Developed SinkPIT, a sound source separation technology for environments with many speakers speaking at the same time

  • Voice and Acoustic Processing

Overview


Project period
October 7, 2020 (Publication of Accepted Paper Information)

PKSHA Technology Inc. has developed "SinkPIT", a deep learning technology for separating speech for each speaker in an environment where many speakers are speaking simultaneously.
"SinkPIT" has been experimentally demonstrated to be capable of learning a large-scale sound source separation model with a larger number of assumed sound sources than before in a realistic computational time. By combining this technology with various speech signal processing technologies, we expect that it can be applied to various applications, such as conference proceedings systems and in-vehicle microphones.

Technology


In recent years, spoken dialogue systems, including in-store customer service robots and smart speakers, have become increasingly popular. The technology of "sound source separation" has long been widely studied and utilized as an important elemental technology for such spoken dialogue systems. This is a pre-processing technique that separates speech into individual speakers in situations where multiple speakers are speaking at the same time. It is believed that sound source separation can improve speech recognition performance in situations where multiple speakers are speaking at the same time.

In recent years, with the development of deep sound source separation based on deep learning, it has become possible to separate the sound sources of two to five speakers with a fairly high sound quality. However, these methods are computationally expensive in the learning process (brute force search), so it is difficult to increase the number of assumed sound sources (the maximum number of speakers to be separated).

In light of this background, PKSHA Technology has developed SinkPIT, a learning method for deep sound source separation that makes it possible to significantly increase the number of assumed sound sources for deep sound source separation. Experimental results demonstrated that SinkPIT can train a large-scale sound source separation model with a larger number of assumed sound sources in a realistic computational time. This technology is expected to be applicable to various applications such as conference proceedings systems and in-vehicle microphones by combining it with various speech signal processing technologies.
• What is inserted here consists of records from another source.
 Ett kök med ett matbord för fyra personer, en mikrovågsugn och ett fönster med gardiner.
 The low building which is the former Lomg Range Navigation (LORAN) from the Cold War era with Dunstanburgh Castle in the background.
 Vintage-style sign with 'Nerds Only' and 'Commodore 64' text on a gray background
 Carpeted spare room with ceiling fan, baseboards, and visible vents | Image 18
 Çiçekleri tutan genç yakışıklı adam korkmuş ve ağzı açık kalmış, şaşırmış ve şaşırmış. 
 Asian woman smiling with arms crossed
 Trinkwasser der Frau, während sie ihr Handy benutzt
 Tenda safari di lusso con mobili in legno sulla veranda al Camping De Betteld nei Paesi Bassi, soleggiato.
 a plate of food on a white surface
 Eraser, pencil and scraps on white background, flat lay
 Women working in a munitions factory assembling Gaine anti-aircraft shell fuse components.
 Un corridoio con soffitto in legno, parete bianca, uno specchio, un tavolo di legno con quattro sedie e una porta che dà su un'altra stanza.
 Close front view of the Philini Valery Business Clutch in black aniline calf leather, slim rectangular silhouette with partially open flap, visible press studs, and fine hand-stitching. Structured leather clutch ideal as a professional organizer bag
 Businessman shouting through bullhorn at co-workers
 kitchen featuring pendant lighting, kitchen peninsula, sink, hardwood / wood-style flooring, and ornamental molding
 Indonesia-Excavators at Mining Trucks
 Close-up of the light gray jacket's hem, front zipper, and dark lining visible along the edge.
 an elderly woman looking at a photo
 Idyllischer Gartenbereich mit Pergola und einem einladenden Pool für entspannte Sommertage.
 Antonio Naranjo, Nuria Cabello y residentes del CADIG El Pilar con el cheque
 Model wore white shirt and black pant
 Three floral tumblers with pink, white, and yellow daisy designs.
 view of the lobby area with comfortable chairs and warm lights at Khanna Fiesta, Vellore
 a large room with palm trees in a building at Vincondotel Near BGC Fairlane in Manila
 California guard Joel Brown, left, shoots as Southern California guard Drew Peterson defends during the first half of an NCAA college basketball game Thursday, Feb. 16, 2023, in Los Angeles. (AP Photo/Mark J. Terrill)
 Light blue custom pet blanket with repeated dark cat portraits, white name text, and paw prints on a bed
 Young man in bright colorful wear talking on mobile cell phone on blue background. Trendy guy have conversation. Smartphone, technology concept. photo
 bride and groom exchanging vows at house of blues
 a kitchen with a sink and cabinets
The results were presented at the IEEE ICASSP (International Conference on Acoustics, Speech and Signal Processing) 2021 held in Toronto, Canada in June 2021. (Paper presented and published online.)

Member in charge

  • TACHIBANA hideyuki

    Graduated from the Department of Mathematical Engineering, Faculty of Engineering, The University of Tokyo. D. from the Graduate School of Information Science and Engineering, The University of Tokyo.
    D. in Information Science and Engineering.
    After working as a researcher at Meiji University, joined PKSHA Technology.
    Engaged mainly in research and development of speech processing, language processing, and signal processing.

  • KATAYAMA yotaro

    He holds a Bachelor of Engineering degree from the University of Tokyo.
    After working for a foreign investment bank, he joined PKSHA Technology.
    Served as a director of BEDORE Co.
    He is currently a director of MNTSQ Corporation.

  • INAHARA munehiro

    Graduated from the Department of Electronics and Computer Engineering, Faculty of Engineering, The University of Tokyo.
    During his studies, he researched game AI and natural language processing technology.
    After graduation, he joined IBM Japan.
    At Tokyo Systems Development Laboratory, he was in charge of research and development of systems and solution business mainly based on Watson and deep learning.
    After joining PKSHA Technology, he has been engaged in research and development of many products and modules such as spoken dialogue products, cause-and-effect recognition, emotion recognition, language models, and speech synthesis.